First learn what a scale is, then make your own patterns out of that if you feel the need. That is by far the most basic of basic theory, you should be able to get it.


----------



## Empryrean (Jan 21, 2012)

A min
A Maj


----------



## Mr. Big Noodles (Jan 21, 2012)

bandinaboy said:


> I personally love the guitar grimoire book. hefty hefty stuff.

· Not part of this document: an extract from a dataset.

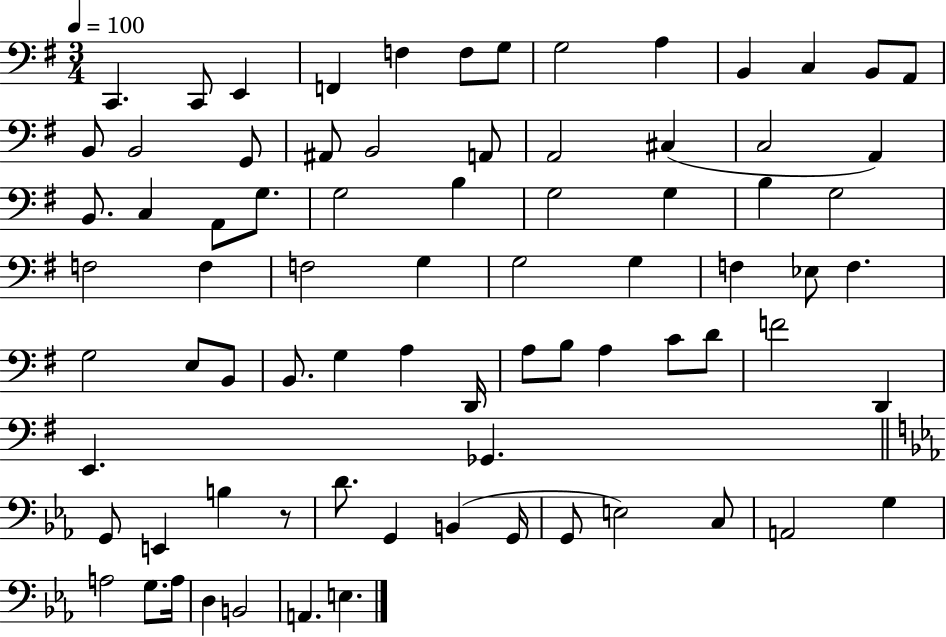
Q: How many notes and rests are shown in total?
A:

There are only three useful pages from that book (under the header "The Building Blocks of Music", pages 2-4) and the rest is useless and confounding filler. It is a volume that preys on the modern guitarist's attraction to instant gratification and book covers that are suggestive of the occult. What it does is give you a long-winded explanation of how to read the book's diagrams, then launches you into a bunch of little fretboards with scalewise dots for every conceivable key for the next 200 pages. There is no discussion on the melodic organization of scale tones, no examples of their use, no history of their origin, no establishment of tonal hierarchy, and no distinction of importance or order to the material. To put it succinctly, it is a methodless mess of garbage information. If there had been a single page on the concept of transposition, 90% of the book's paper content would have been rendered redundant.

With that said, I would recommend you to either buy a good theory book or make use of this website: Ricci Adams' Musictheory.net
I don't know any good harmony books in the Italian language, but my favorite texts in English are Kostka & Payne's Tonal Harmony and Miguel Roig-Francoli's Harmony in Context. Right now, I'm busy helping my girlfriend study for the MCAT, so my contribution is going to be a little limited at the moment. Later on, I can talk about scale theory and actually detail how to build scales and how they work. Until then, here is a diagram that has a bunch of scales on it. The red dots are the root notes. The interval is supposed to be in each of the note markers, but Neck Diagrams' programming and font are such that they aren't too visible, especially at this resolution. Humbug.


----------



## Guitarman700 (Jan 21, 2012)

SchecterWhore said:


> There are only three useful pages from that book (under the header "The Building Blocks of Music", pages 2-4) and the rest is useless and confounding filler. It is a volume that preys on the modern guitarist's attraction to instant gratification and book covers that are suggestive of the occult. What it does is give you a long-winded explanation of how to read the book's diagrams, then launches you into a bunch of little fretboards with scalewise dots for every conceivable key for the next 200 pages. There is no discussion on the melodic organization of scale tones, no examples of their use, no history of their origin, no establishment of tonal hierarchy, and no distinction of importance or order to the material. To put it succinctly, it is a methodless mess of garbage information. If there had been a single page on the concept of transposition, 90% of the book's paper content would have been rendered redundant.
> 
> With that said, I would recommend you to either buy a good theory book or make use of this website: Ricci Adams' Musictheory.net
> I don't know any good harmony books in the Italian language, but my favorite texts in English are Kostka & Payne's Tonal Harmony and Miguel Roig-Francoli's Harmony in Context. Until then, here is a diagram that has a bunch of scales on it. The red dots are the root notes. The interval is supposed to be in each of the note markers, but Neck Diagrams' programming and font are such that they aren't too visible, especially at this resolution. Humbug.
> ...


 
I think I love you a little bit.


----------



## Mr. Big Noodles (Jan 21, 2012)

Why not a lotta bit?


----------



## Guitarman700 (Jan 21, 2012)

SchecterWhore said:


> Why not a lotta bit?



Okay, a lotta bit.


----------



## Mr. Big Noodles (Jan 21, 2012)




----------



## celticelk (Jan 21, 2012)

I'll point out also that the layout of a scale is the same in all "drop" tunings: if you can find scale fingerings for drop D, they'll work for drop A. Ultimately, learning to think in terms of intervals between scale degrees and adjacent strings will be more useful than rote memorization of every possible fingering.


----------



## thedarkoceans (Jan 22, 2012)

haha thanks,i know it's silly,but i'm too lazy lately and i have to get around the 2 higher string on guitar since i'm a bass player.


----------